Because I have such repeated measures data - I am using Generalized Estimating Equations - to allow for the within person correlations in their answers. I build 26 models (1 for each item on the scale) - with withdrawal score as the dependent variable, and time (days in abstinence) as the independent. Actually because withdrawal tends to increase at first and then decrease, I am adding time squared - to get a quadratic effect - which is most always significant. I also include the baseline score as the covariate in this model.

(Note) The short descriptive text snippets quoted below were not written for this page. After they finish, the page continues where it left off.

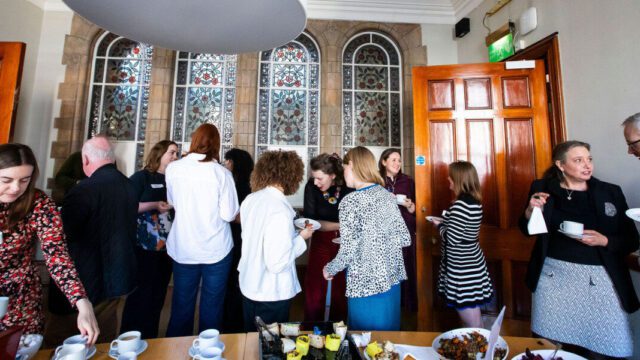 A group of fundraisers are mingling around drinking coffee and chatting in small groups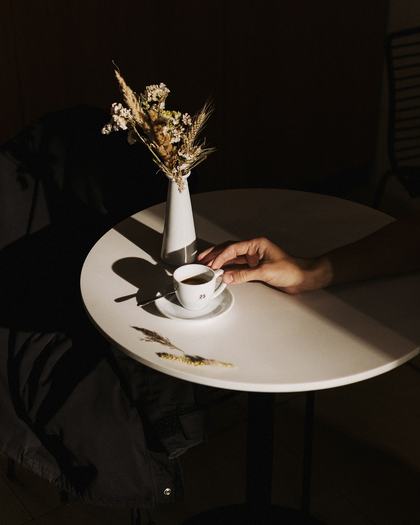Una taza de café sobre una mesa redonda blanca con flores secas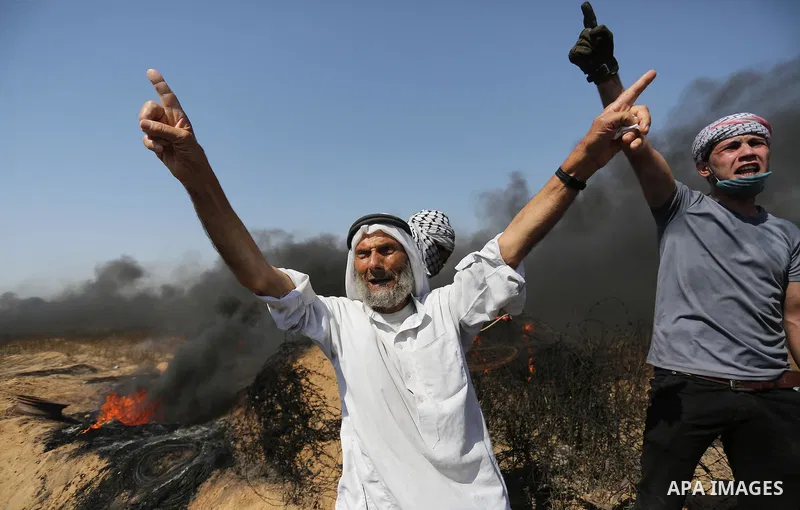 Palestinian protesters gather during clashes with Israeli troops in a protest marking al-Quds Day, (Jerusalem Day), at the Israel-Gaza border in Khan Younis in the southern Gaza Strip on June 8, 2018. Photo by Ashraf Amr...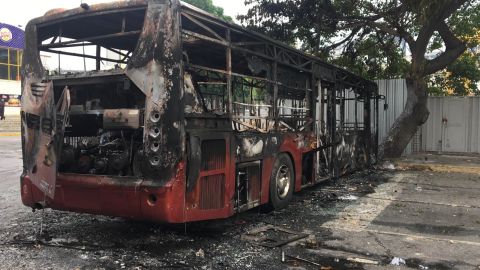 A burnt-out bus, also in the capital Wednesday morning.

So I get a bunch of parameters out - i.e. slope parameters and wald chi square statistics - for each item - and I want to use these parameters or stats to describe the trajectory of withdrawal through abstinence - ultimately describing which items are most valid (i.e. respond more to abstinence)..... does anybody have any ideas for why non of my wald stats or slope values are matching my original integration ranking of the items? Also, I can get my stats program (SPSS) to output predicted mean values for each item.....when I take the integral of these predicted values and rank the items - they rank differently to the original integral ranking on the original raw values....any ideas why this is?

I realise that I am going "off road" with my approach to stats here - not using the traditional approaches and perspectives - so..

Thanks for any body who can give any alternative perspectives on this,

Just to add some more information on the various approaches that I have taken so far/research that I have done on this topic..

As my overarching aim is to rank my 26 scale items based on some measure of validity to cannabis withdrawal - and I decided to conceptualise it as the integral between baseline and each day of abstinence withdrawal values - I first ran my GEE model using time as a categorical variable - comparing each day of abstinence to the average of the baseline week. This was great as it allowed me to specify on which day of abstinence withdrawal scores first were significantly above baseline - and how long withdrawal for that item lasted (i.e. was statistically above baseline). However, I then decided that this was using too many degrees of freedom (14df - for the 15 time points - 14 abstinence days vs 1 average baseline day) for the small sample size.. So instead I wanted to try using time as a continuous variable. Doing this gave me the additional bonus of being able to include the quadratic time term to capture that inverted U shape that this withdrawal seems characterised by.

My plan at the outset was to rank the items by the wald statistic that is output for the GEE in SPSS. However when time is continuous, I have to include the baseline data as a covariate - instead of as a reference group as per time as a categorical variable. Thus I end up with only a set of what essentially look like multiple regression parameters (slopes and standard errors with a wald chi square stat for each parameter). I was going to try and rank the items based on some interpretation of the two parameters describing time (the linear and quadratic terms) - but interpreting quadratic terms is not very easy - at least in this comparative context.. So I then went on to calculate the integral under the curve for each item by simply calculating the integral under the "predicted" values of withdrawal scores for each item (predicted values output by spss when requested).

However, ranking items by this "integral of the predicted withdrawal scores" doesnt seem to match any ranking of any of the parameters for each model (e.g. linear slope, quadratic slope, wald chi squared etc). Why do I want a statistic to put in my ranked table? Because I want to publish this in a good journal - and it has to have a statistic. And if it has a statistic by each item - and it matches the "integral" rank - then I will know its good solid stats.